The event was created with the influence of several local environmental organizations, including the Edmonton branch of Extinction Rebellion and Climate Justice Edmonton.
However, it’s the students themselves that did the majority of the legwork in organizing the event, unifying several schools across the city with one common goal —to demand federal and provincial mandates that adhere to a ‘Green New Deal,’ as well as hold government bodies accountable for mismanagement of Indigenous rights, emissions, and environmental impact.
“I’m astonished at how intelligent and thoughtful these students are; they show immense maturity when it comes to the threat of climate change,” says Michael James, a representative for Extinction Rebellion.
James was in correspondence with student representatives over the three-week period building up to the event. Rather than play protest chaperone, he instead let the student body manifest their own outlines for what areas they wanted covered in the protest. Resulting in droves of students showing up signs in hand, and chanting in unison. Even with all the vigor of the event, there of course was the concern of just how many people would listen to a legion of teens.
“A lot of people don’t like to listen to children because we’re, well, children. But at the end of the day it’s our future. We’re not just a bunch of rowdy teenagers; we have a point,” says Sarah Dornbush, a student who spoke at the event.
The event was bolstered with student speakers and representatives of numerous organizations taking to the stand—all backlit by the midday sun, and the thaw of spring. But even with spirits high, those who turned up knew that there was a hefty dose of misbehavior in the event’s foundation, as this was a student protest and students traditionally, should be in class.
“Numerous incentives were put in place on my end to ensure that there wouldn’t be any negative reproductions, making sure we wouldn’t go against student code of conduct,” says an organizer of the group who chose to go by Daryn.

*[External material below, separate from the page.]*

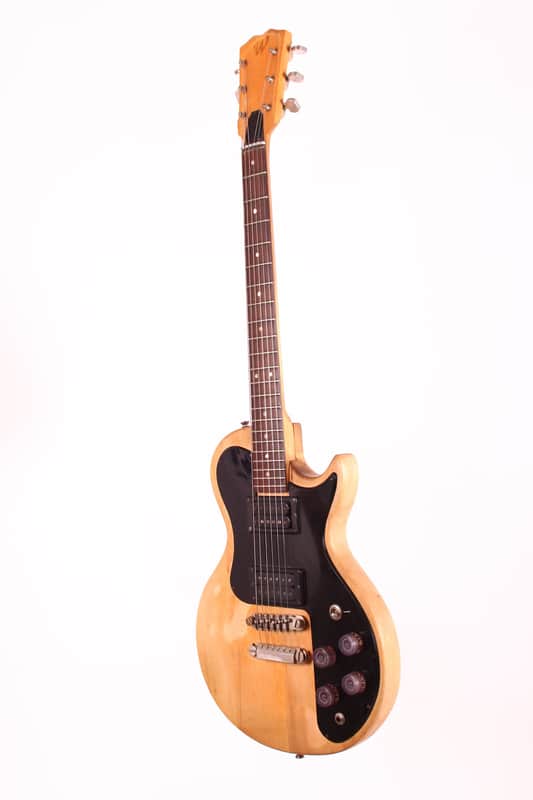 Jolana Onyx 1985 Natural Gibson Sonex Copy | Reverb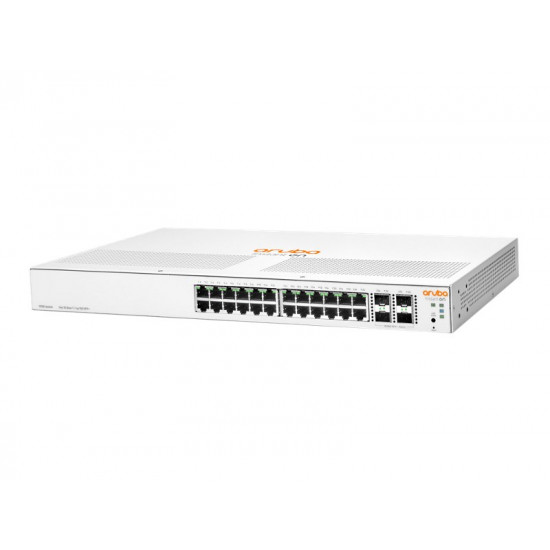 Aruba Instant On 1930 24G 4SFP/SFP+ | Switch | 24x RJ45 1000 Mbps, 4x SFP/SFP+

“It is imperative that the public know that this isn’t a strike against schools or any educational institution, but it is a climate strike. It’s crucial for school faculty to understand that what this is a protest against is government inaction,” Daryn says.
This event surely represents a sign of things to come, as the student coalition already has plans for a secondary march in May. Yet, any type of student-lead protest comes with the inevitable concerns, such as leadership, longevity and sustainability.
But as a zealous Michael James said, as a chorus of chanting students erupted behind him: “Why would they need to go to school on a Friday like this, if they have no future?”